EXERCISE DIRECTIONS: Starting from the line in which "Apartamento, 1 quarto, 35 m² - Foto 16" appears, output every line down to the last line of the data below, exactly and without anything more.

(Scraped caption text data)

----------------

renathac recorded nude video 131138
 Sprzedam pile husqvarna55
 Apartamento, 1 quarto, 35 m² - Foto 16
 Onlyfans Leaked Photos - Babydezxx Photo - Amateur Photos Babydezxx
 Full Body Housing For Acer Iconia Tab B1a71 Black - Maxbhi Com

----------------

WRITTEN RESPONSE:
 Apartamento, 1 quarto, 35 m² - Foto 16
 Onlyfans Leaked Photos - Babydezxx Photo - Amateur Photos Babydezxx
 Full Body Housing For Acer Iconia Tab B1a71 Black - Maxbhi Com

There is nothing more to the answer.